If someone uses it that way, it's trying to apply perl's array semantics
on non-array objects.  If those objects don't define the same operations,
that is there choice.  It doesn't break any code, because no code using
a non-ARRAY object reference could be used in those locations.

    It can only break new, unwritten code.  What you are claiming is
that perl can never be expanded in ways it was never used, because the
new ways don't support all the user-types supported by perl for builtin

    They *can*, if they provide a method.  But that's future facing -- not
past facing.  I wrote an ARRAY based class that provided the methods
for references to the class that worked with perl's builtins.  It's
quite possible for others to do the same with their classes if they want
those classes to act like ARRAYS's.
> At any rate, this debate happened years ago.  I considered the matter 
> settled then, and I still do now, and I don't really plan to entertain 
> further discussion on this feature.  The ship has sailed, and I'm glad 
> to see it vanished over the horizon.
    That's an argument listed under "logical fallacies".  "It's this way
now, so it will always be this way, thus we we have decided so help me, me."

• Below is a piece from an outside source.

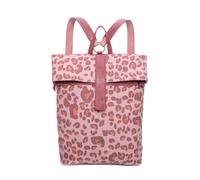 Fritzi Izzy03 Canvas Leo Brick Rucksack Mochila Mujer en Algodón con Correas Regulables Vegan Estampado Leopardo para Ciudad Universidad 40 x 30,5 x 18 cm Rosa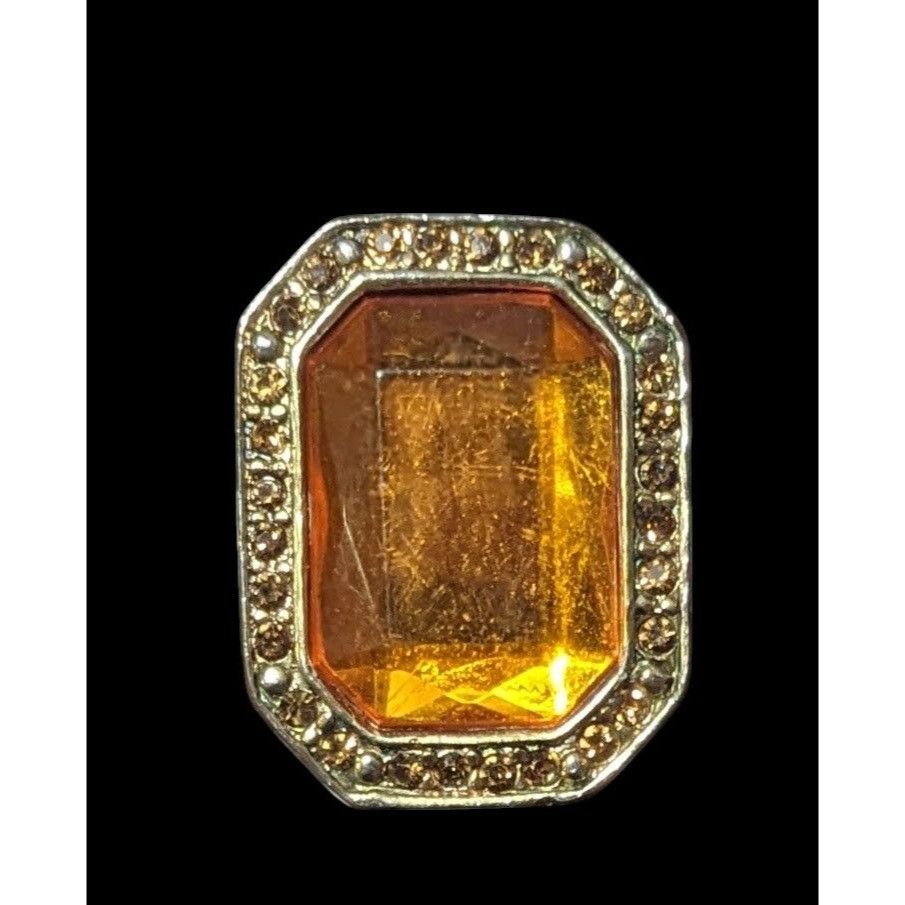 Other Vintage Topaz Glass Rhinestone Gemmed Statement Ring Size 6 Size ONE SIZE - 1 Thumbnail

    A pronouncement of a past judgment that is no longer true simply
means new information makes the old judgment false.  You aren't the Pope
who claims that because the church believed to be the earth flat
believes it still to be true?  New information comes along and still
upsets reality today. 

     When I was a child, it was taught that the shape of
a wing was what gave airplanes their life.  Now that is known to be false.
Indeed *most* of the thrust against gravity comes from the wing angling
down and providing a direct downward force to negate gravity.  But until
the 80's or 90's, people still believed the "truth" that had been so since
the earliest days of flight.

    You have knew knowledge -- that pseudo-array classes can provide their
own methods if they wish to retain compatibility with perl-refs that
work with ARRAY methods.  This isn't a change that causes old code to
break.  It is a change that only applies to future code that wishes to
have user-refs be compatible with perl's builtin ARRAY and HASH datatypes.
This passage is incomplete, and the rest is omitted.